DATA RECORDS: Begin

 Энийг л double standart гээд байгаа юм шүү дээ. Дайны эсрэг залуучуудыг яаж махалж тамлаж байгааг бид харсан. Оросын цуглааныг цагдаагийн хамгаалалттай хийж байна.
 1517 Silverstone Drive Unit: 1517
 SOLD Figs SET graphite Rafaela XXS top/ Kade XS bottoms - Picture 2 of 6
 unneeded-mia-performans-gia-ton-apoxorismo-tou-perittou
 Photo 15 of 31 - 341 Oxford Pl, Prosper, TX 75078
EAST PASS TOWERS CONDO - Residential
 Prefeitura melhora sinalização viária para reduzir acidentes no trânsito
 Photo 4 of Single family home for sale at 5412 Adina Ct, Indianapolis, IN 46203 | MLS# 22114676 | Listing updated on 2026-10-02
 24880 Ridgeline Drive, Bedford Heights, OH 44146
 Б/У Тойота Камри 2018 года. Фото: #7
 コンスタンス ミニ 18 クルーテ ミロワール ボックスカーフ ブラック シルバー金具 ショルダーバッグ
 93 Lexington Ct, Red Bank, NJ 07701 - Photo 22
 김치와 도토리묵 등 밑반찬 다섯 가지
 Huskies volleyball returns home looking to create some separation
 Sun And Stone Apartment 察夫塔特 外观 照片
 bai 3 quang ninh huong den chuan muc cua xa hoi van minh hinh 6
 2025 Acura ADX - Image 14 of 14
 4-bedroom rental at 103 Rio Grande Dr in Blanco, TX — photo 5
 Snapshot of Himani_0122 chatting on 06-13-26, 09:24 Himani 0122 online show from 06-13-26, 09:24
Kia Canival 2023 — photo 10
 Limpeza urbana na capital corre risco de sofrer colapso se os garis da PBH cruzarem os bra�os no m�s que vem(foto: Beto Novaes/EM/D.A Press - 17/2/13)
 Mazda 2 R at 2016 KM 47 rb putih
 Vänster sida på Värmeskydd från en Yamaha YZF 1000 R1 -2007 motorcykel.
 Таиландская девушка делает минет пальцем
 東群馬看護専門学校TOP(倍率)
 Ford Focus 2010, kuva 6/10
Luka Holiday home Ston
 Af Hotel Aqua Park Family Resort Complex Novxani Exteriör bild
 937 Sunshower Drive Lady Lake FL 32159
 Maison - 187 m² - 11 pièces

DATA RECORDS: End

### HOW TO COMPLETE THIS TASK
Every line in the entries above that mentions the word "home" must be shown.

### OUTPUT
 Photo 4 of Single family home for sale at 5412 Adina Ct, Indianapolis, IN 46203 | MLS# 22114676 | Listing updated on 2026-10-02
 Huskies volleyball returns home looking to create some separation
Luka Holiday home Ston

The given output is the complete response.